[Provided data]:
*****
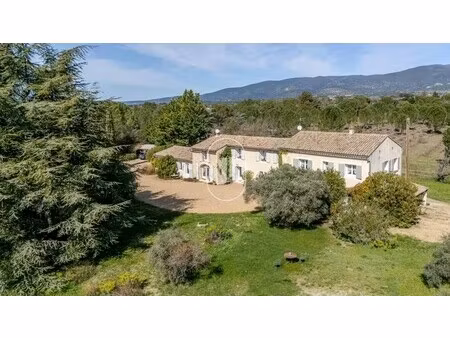maison de luxe à vendre à cucuron : 1 690 000 € | 331m²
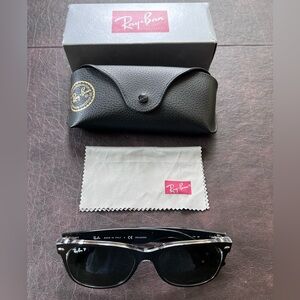 Ray-Ban Sunglasses RB2132 6052 58 18 145 3P. New Wayfarer Black on Transparent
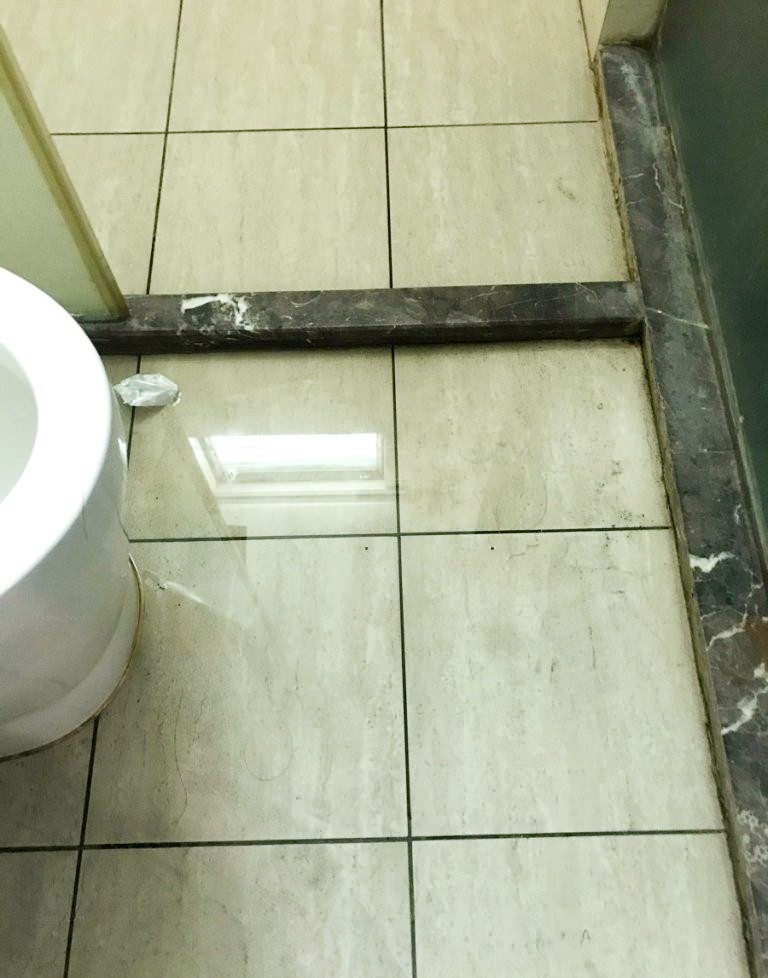 卫生间无缘无故有一滩水,老小区卫生间地面渗水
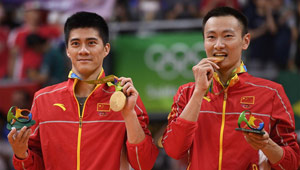 China gewinnt Goldmedaille im Badminton Männer-Doppel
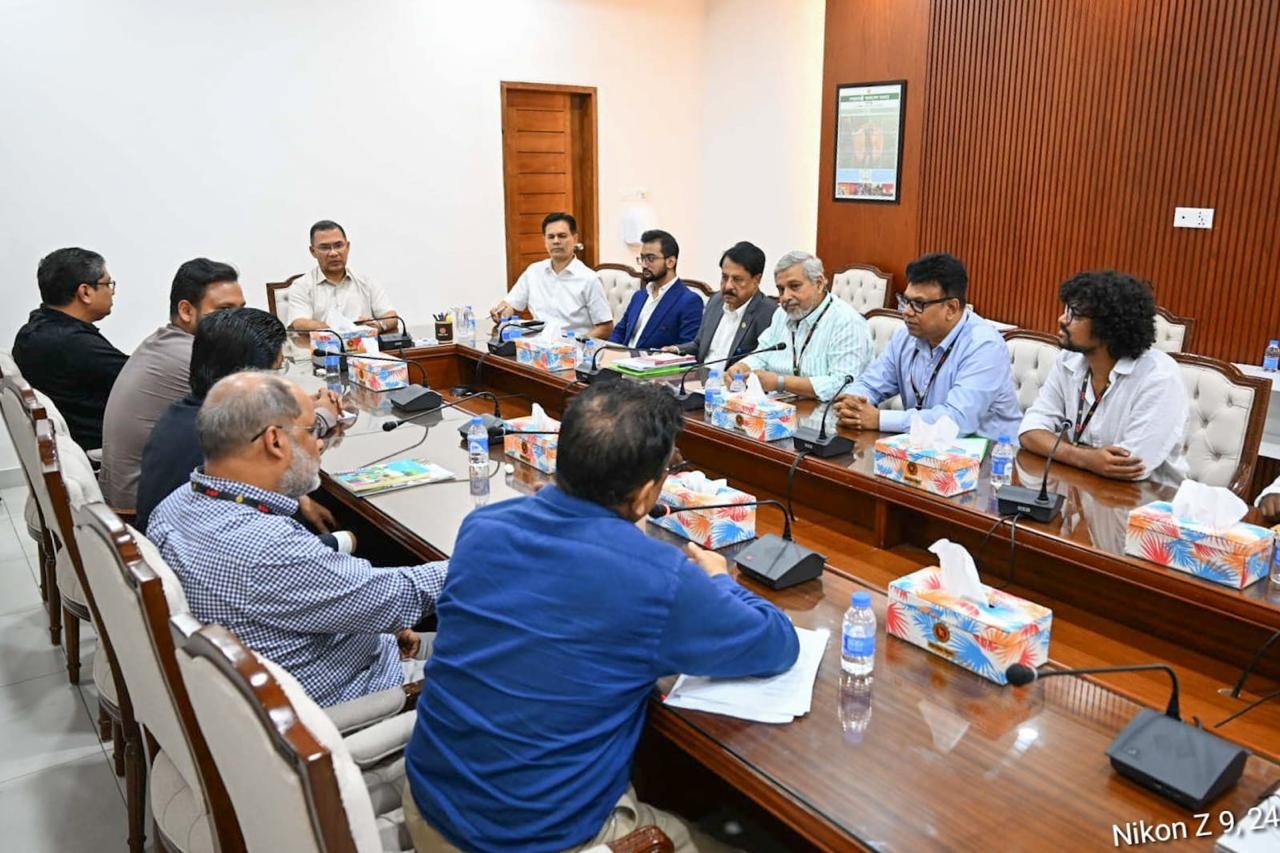 পানি ব্যবস্থাপনার টেকসই সমাধানে বিশেষজ্ঞদের সঙ্গে প্রধানমন্ত্রীর মতবিনিময়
*****
[Task objective]: Lines from the one with "Ray-Ban Sunglasses RB2132" through the final line of the listing above: copy them exactly, both ends included, and omit every picture.

[Your solution]:
 Ray-Ban Sunglasses RB2132 6052 58 18 145 3P. New Wayfarer Black on Transparent
 卫生间无缘无故有一滩水,老小区卫生间地面渗水
 China gewinnt Goldmedaille im Badminton Männer-Doppel
 পানি ব্যবস্থাপনার টেকসই সমাধানে বিশেষজ্ঞদের সঙ্গে প্রধানমন্ত্রীর মতবিনিময়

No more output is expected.